Fears that a fresh financial crisis could tear through world economies have pressured markets in recent weeks as the likes of Italy and Spain have seen their borrowing costs soar over debt contagion concerns.
Greek Prime Minister George Papandreou said the new eurozone bailout of Greece will enable the country to reduce its debt mountain by around 26 billion euros by the end of 2014.
Greece has 350 billion euros in total public debt.
European leaders agreed at an emergency meeting in Brussels on Thursday on a 109 billion bailout for Athens
Lending terms to Ireland and Portugal are also to be eased and the 440 billion euro European financial stabilisation fund (EFSF) will be allowed to buy bonds in the secondary market to fight contagion risks.
The private sector's ‘contribution’ would roughly amount to a further 50 billion euros including a bond buy-back programme.

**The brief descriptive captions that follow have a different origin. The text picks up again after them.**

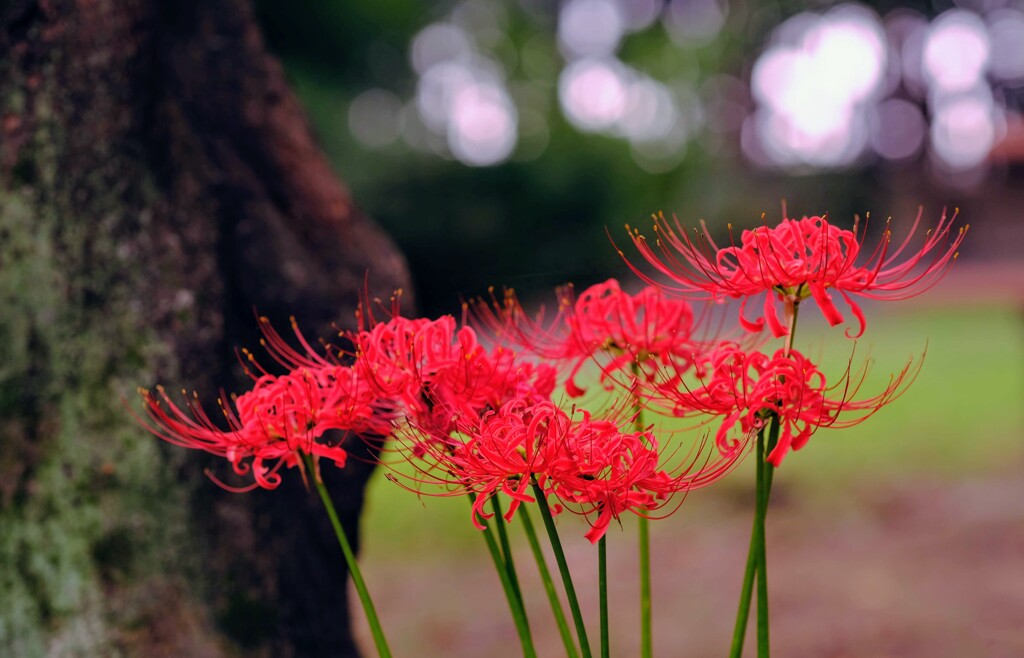曼珠沙華⑤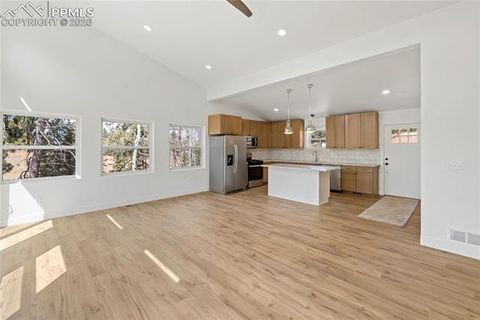 Tiny photo for 1328 N Mountain Estates Road, Florissant, CO 80816 (MLS # 4033264)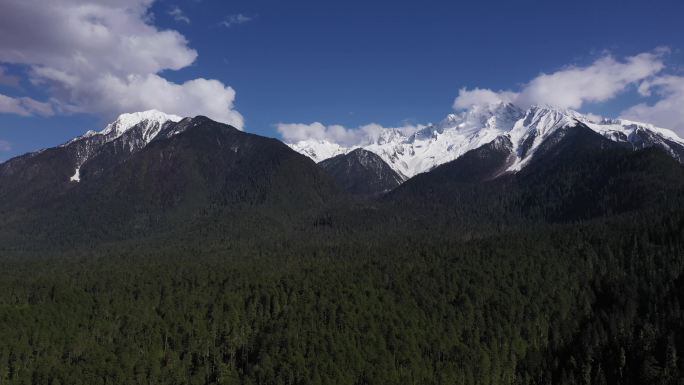 雪山下的森林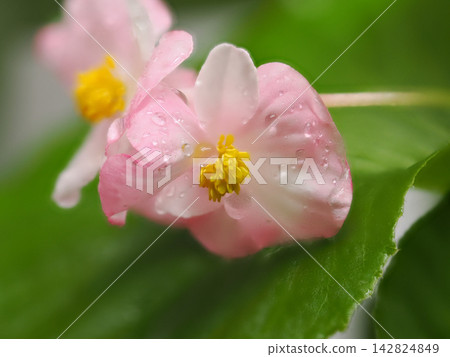 粉紅秋海棠，帶著雨滴 142824849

According to economists, the rescue's ‘key development’ is that the European Central Bank can still accept Greek bonds as collateral for refinancing operations even if ratings agencies deem Greece to be in "selective default.
The new bailout for Greece comes after the European Union and IMF's 110 billion euro bailout last year proved insufficient, with the financial markets tightening the screws on Athens.
Meanwhile, attention has returned to the dollar amid uncertainty over how Washington will resolve the issue of raising the nation's debt limit before a 2 August deadline in order to avoid default.
Amid discord between Democrats and Republicans, President Barack Obama earlier this week backed a plan brokered by the bipartisan group of six senators.
But there is no prospect so far for the cross-party plan to pass through both houses of Congress.